Saturday, January 25, 2014

    It's a bad evening. It's been a bad few days. I drag myself out of bed, I make tea, I go walk in the sun... and I'm happy for a moment. Crash. Make myself get back up, maybe do a tiny bit of cleaning. Crash. Make myself dance. Crash. Constantly. It's an improvement over just spending all day watching television shows in bed, but it is nonetheless extremely frustrating.

   I don't know how to turn this around. How to actually get myself to a point where I can be secure and productive. I suppose that all I know is that I have to keep at it. I need to look at what's going on, and try to change accordingly, but I can't give up. I keep failing, but am I at least failing better? Perhaps.

    I'm just tired. It takes less energy to just be stable than to crash, recover, crash, recover, crash, recover. Even if being stable means being miserable.
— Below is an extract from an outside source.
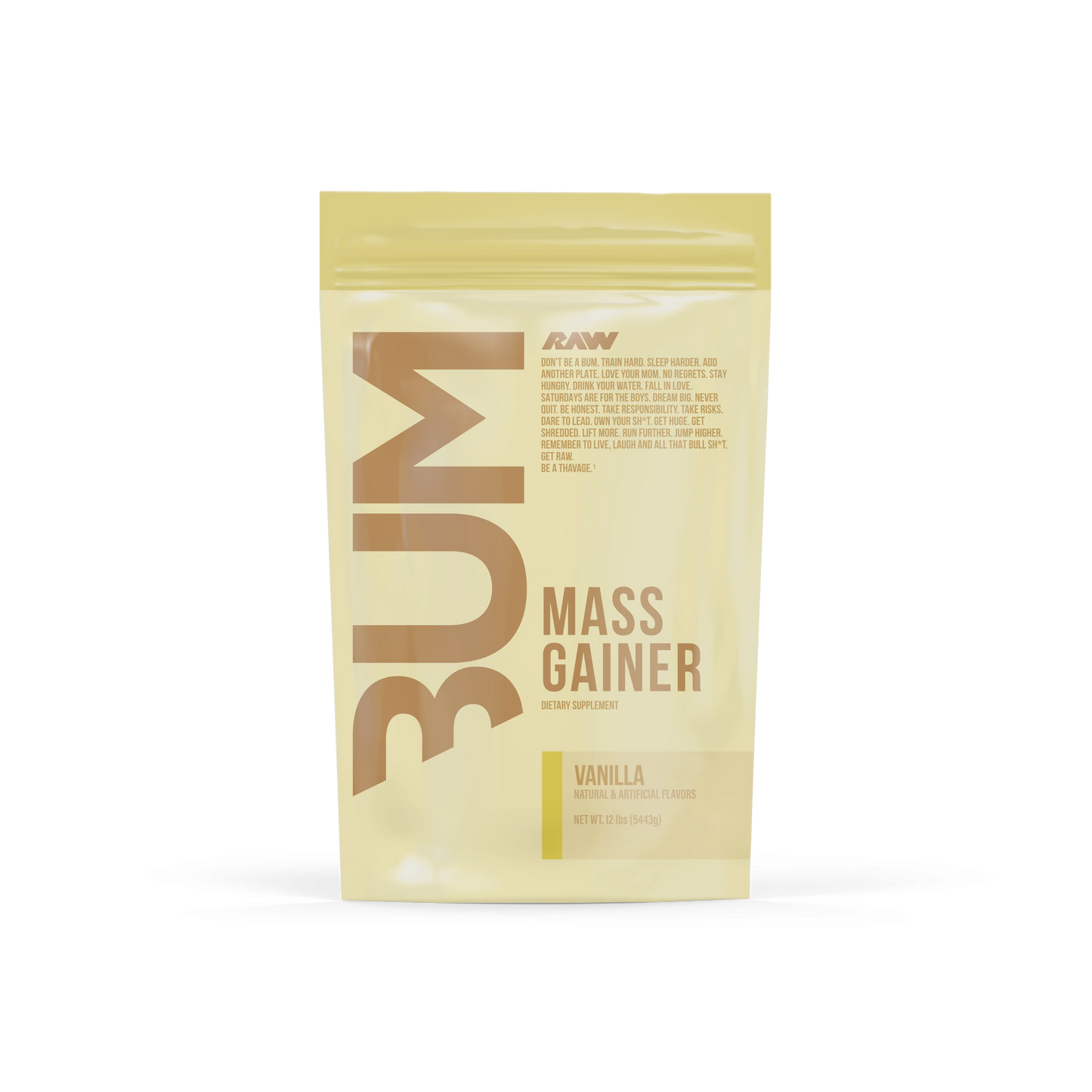 RAW CBUM | MASS GAINER | 12 LB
It's worth the energy if those are my choices, but... fuck, I only have so much energy. What if I burn out before I get to actually happy-stable?

    I don't know. Um. I'm trying to come up with some positive note I can put in. I'd like to think that I'm being resilient. I'm acting like a fighter more. Something. I don't know. It's late. This may be one that gets deleted, and if not, we will hopefully soon return to your regularly scheduled cheesy positivity.